Nunca más me acordaré de sus pecados y transgresiones. Pues donde hay remisión de éstos, no hay más ofrenda por el pecado. Así que, hermanos, teniendo libertad para entrar en el Lugar Santísimo por la sangre de Jesucristo … acerquémonos con corazón sincero, en plena certidumbre de fe.
Dios no dice: «no me acordaré de sus pecados y transgresiones», sino: “Nunca más me acordaré de sus pecados y transgresiones”. La simple declaración de que Dios no se acordará de nuestros pecados podría implicar que los pasó por alto. Pero al decir “nunca más me acordaré”, implica que todos han sido recordados, confesados, llevados y juzgados. Dado que este juicio se ha llevado a cabo, Dios es justo en declarar que nunca más se acordará de ellos.
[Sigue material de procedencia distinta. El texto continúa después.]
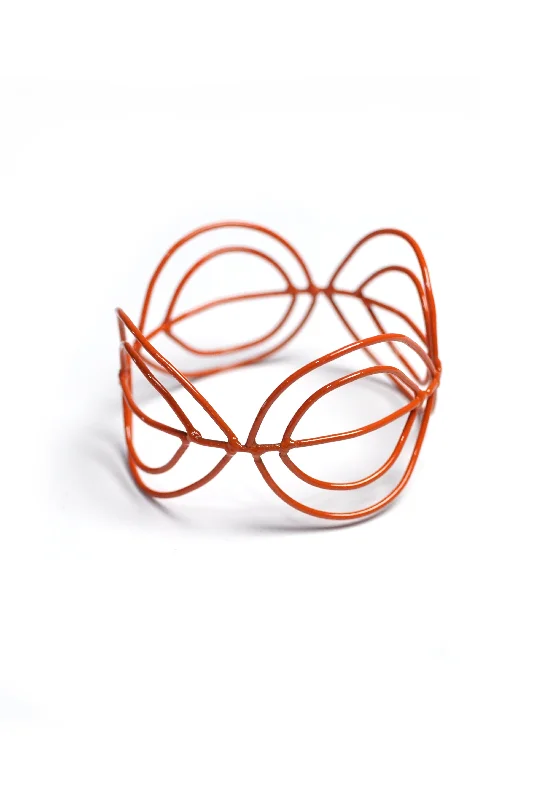 Best bangle bracelets with pastel-colored stones for a soft and delicate appearance-Bracelet No. 3 in Burnt Orange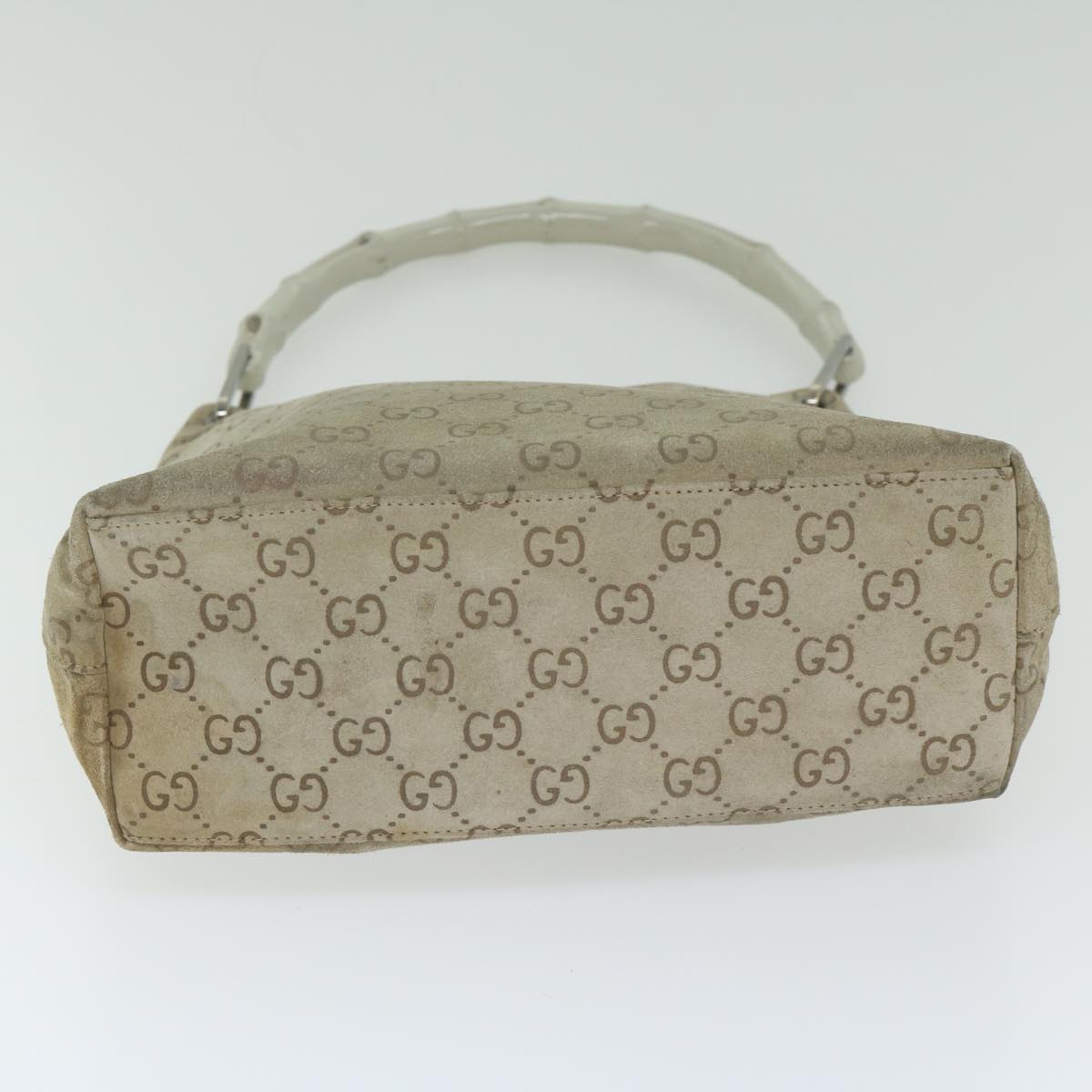 GUCCI GG Canvas Bamboo Shoulder Bag Gray 001 2058 3007 Auth yk9522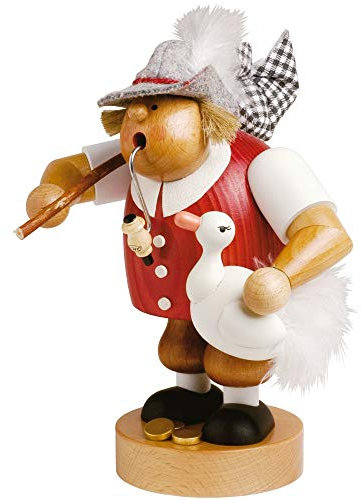KWO Hans in Luck Smoking Man Figurine, Wood, Multi-Colour, 30 x 30 x 20 cm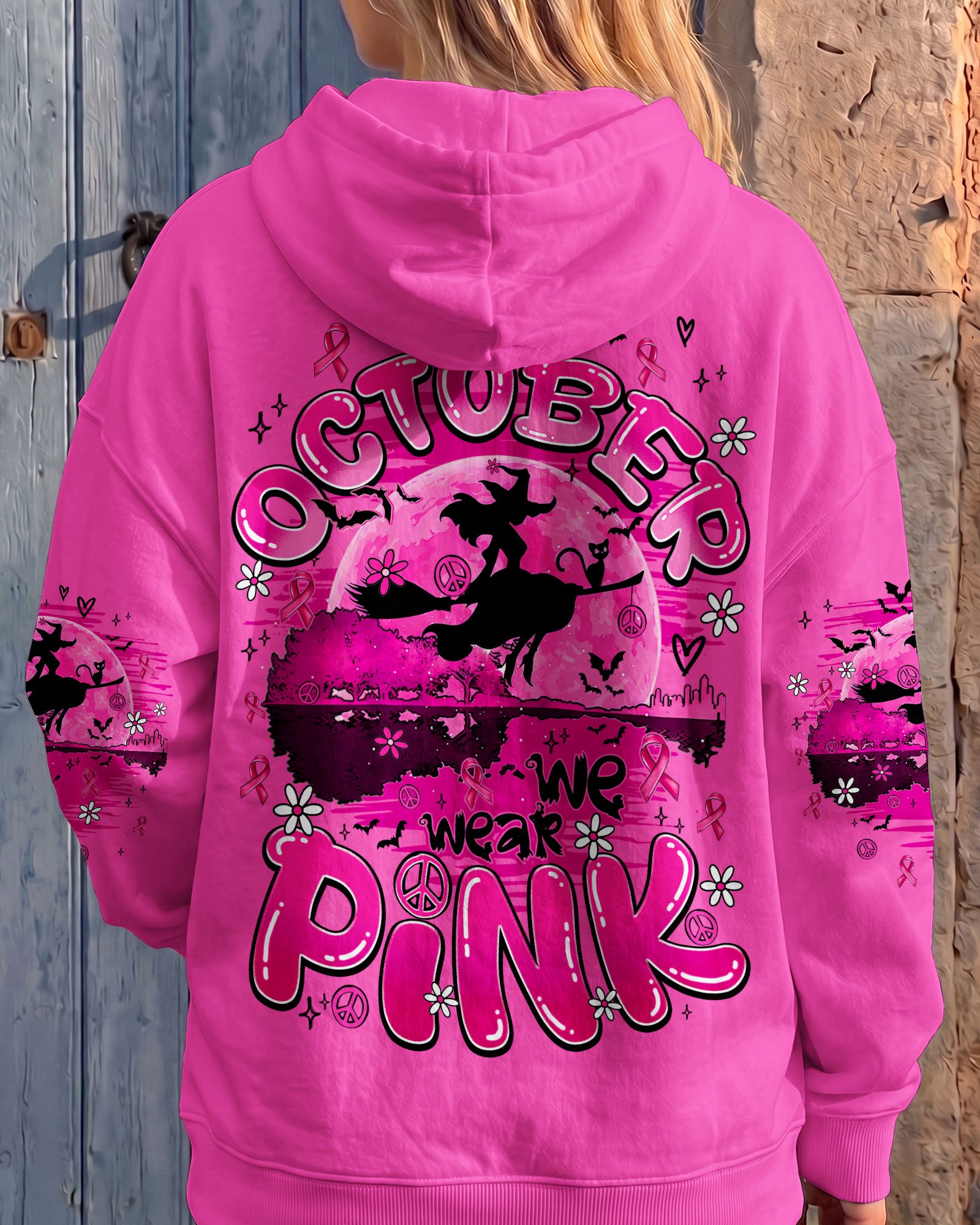 IN OCTOBER WE WEAR PINK HALLOWEEN BREAST CANCER AWARENESS ALL OVER PRINT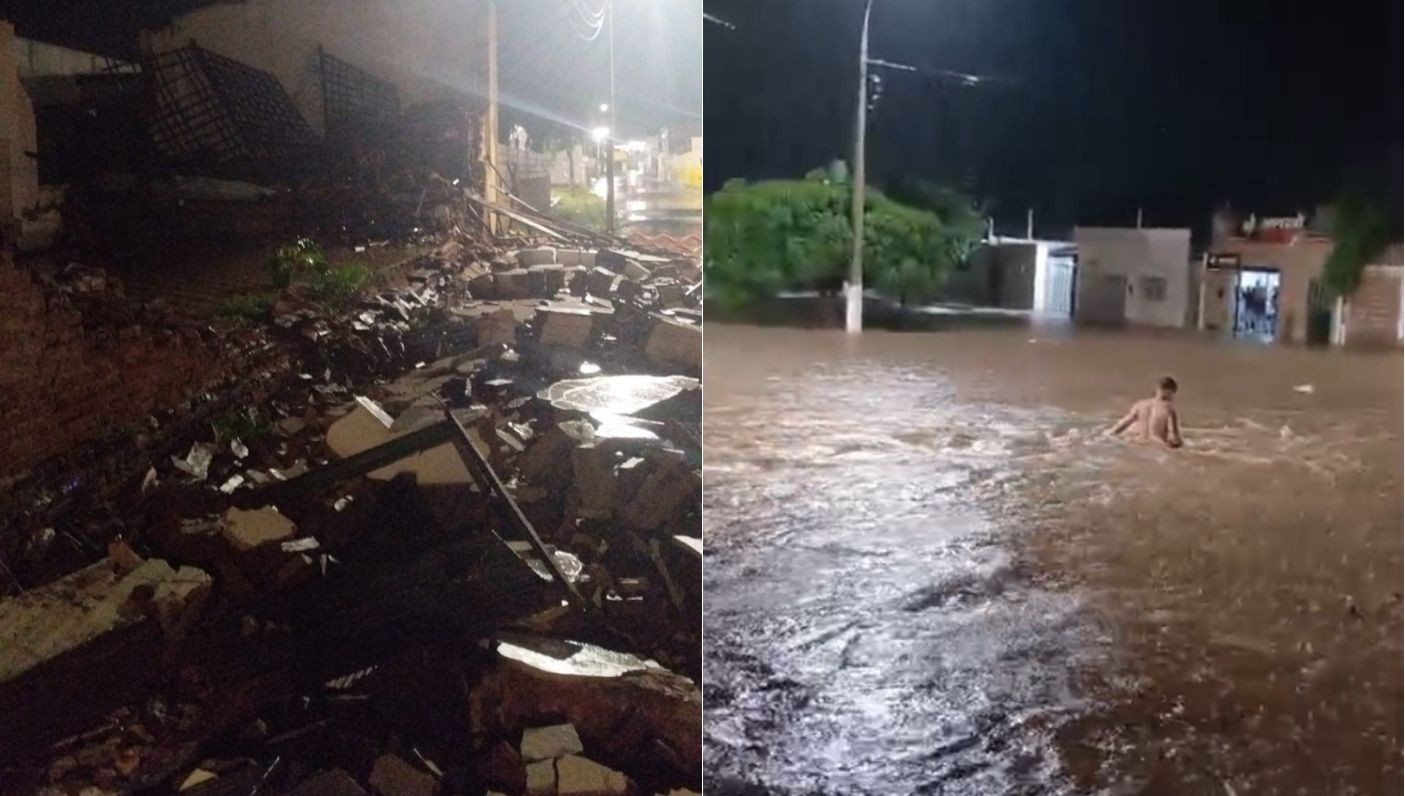 Chuva forte causa desabamento de prédio e alaga ruas em Assú, no RN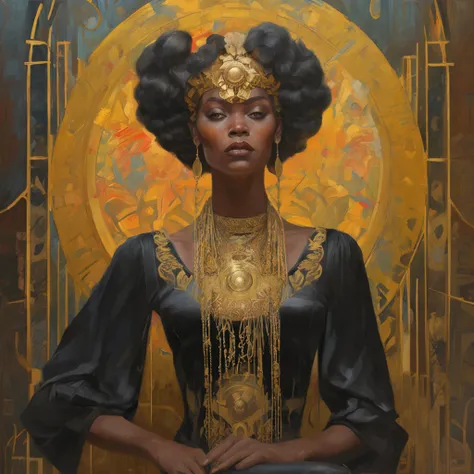 a painting of a woman with a golden headdress and a black dress, Mucha Klimt et Tom Bagshaw, Bel art UHD 4 K, 4k highly detailed digital art, exquisite digital illustration, WLOP complexe, art nouveau! Cyberpunk! style, 4k detailed digital art, Mucha style...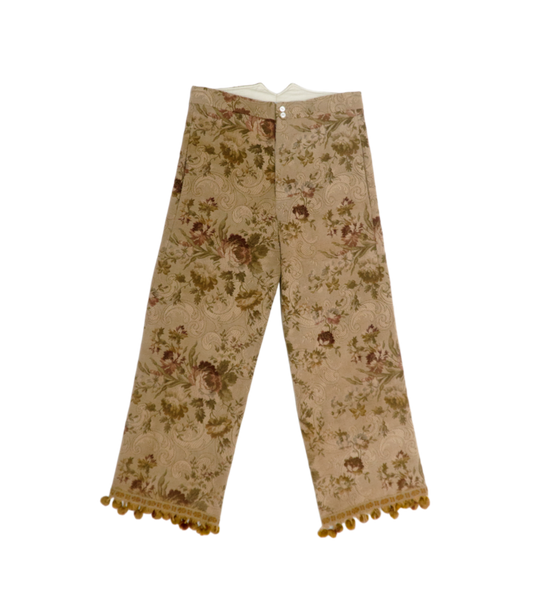 Kick Back Trousers in Floral Antique Upholstery.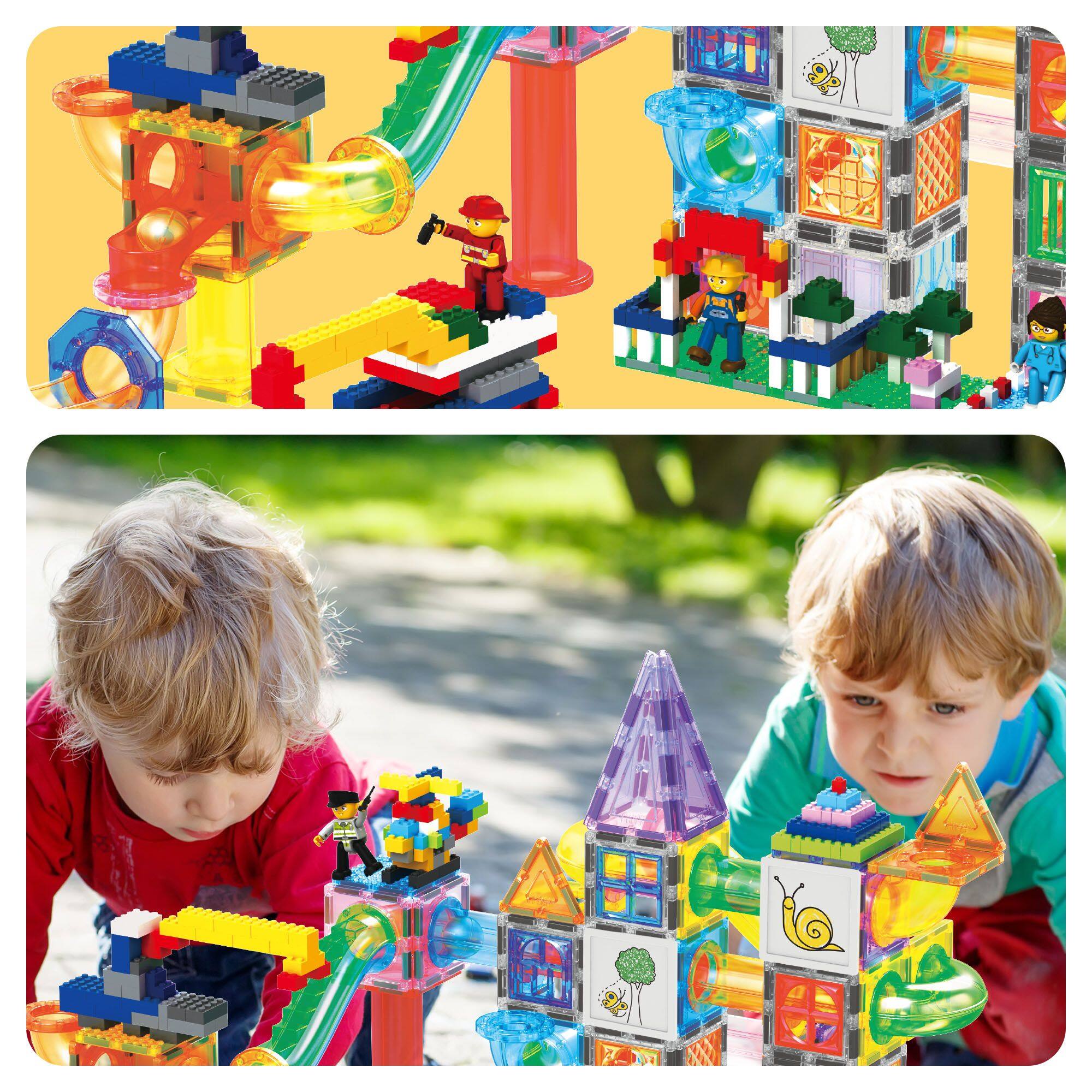 Alt View 7. PicassoTiles - 700PCS Marble Run Magnetic Tiles & Brick Combo, Magnet Building Blocks Toy Set with Storage Bin, book & Action Figures.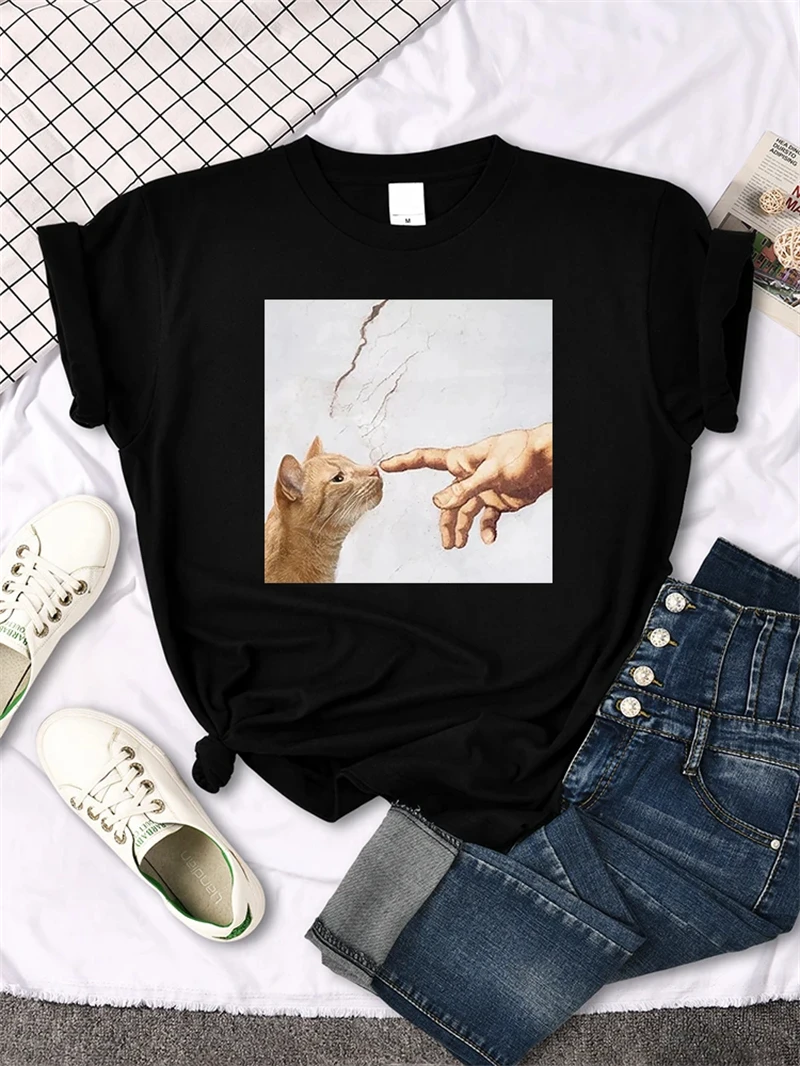 Camiseta con estampado de Mona Lisa para mujer, camiseta de joli mignon para mujer, camisetas de cuello redondo de gothique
El hecho de que nuestra conciencia haya sido purgada abre el camino para la adoración. El escritor de la epístola escribió anteriormente del nuevo sacrificio y del nuevo santuario; ahora presenta al nuevo adorador. En contraste con el judaísmo, en el que solo el Sumo Sacerdote podía entrar al Lugar Santísimo, aunque solo una vez al año (He. 9:7), en el cristianismo todo creyente tiene “libertad para entrar en el Lugar Santísimo por la sangre de Jesucristo”. Se ha provisto lo necesario para quitar todo lo que pudiera obstaculizar nuestro acceso a Dios como adoradores. Nuestros pecados fueron borrados por la sangre de Jesús. Cristo, al hacerse hombre, abrió un camino vivo para las que los hombres pudieran entrar al Lugar Santísimo. Nuestro Sumo Sacerdote hace frente a nuestras debilidades. Por lo tanto, los pecados que hemos cometido, el cuerpo en el que estamos o las debilidades que nos caracterizan, no pueden impedir que entremos en espíritu dentro del velo, al cielo mismo.
Por lo tanto, se nos exhorta a acercarnos a Dios con corazón sincero, en plena certidumbre de fe, no teniendo una conciencia que nos condene y con nuestros cuerpos apartados de cualquier contaminación práctica.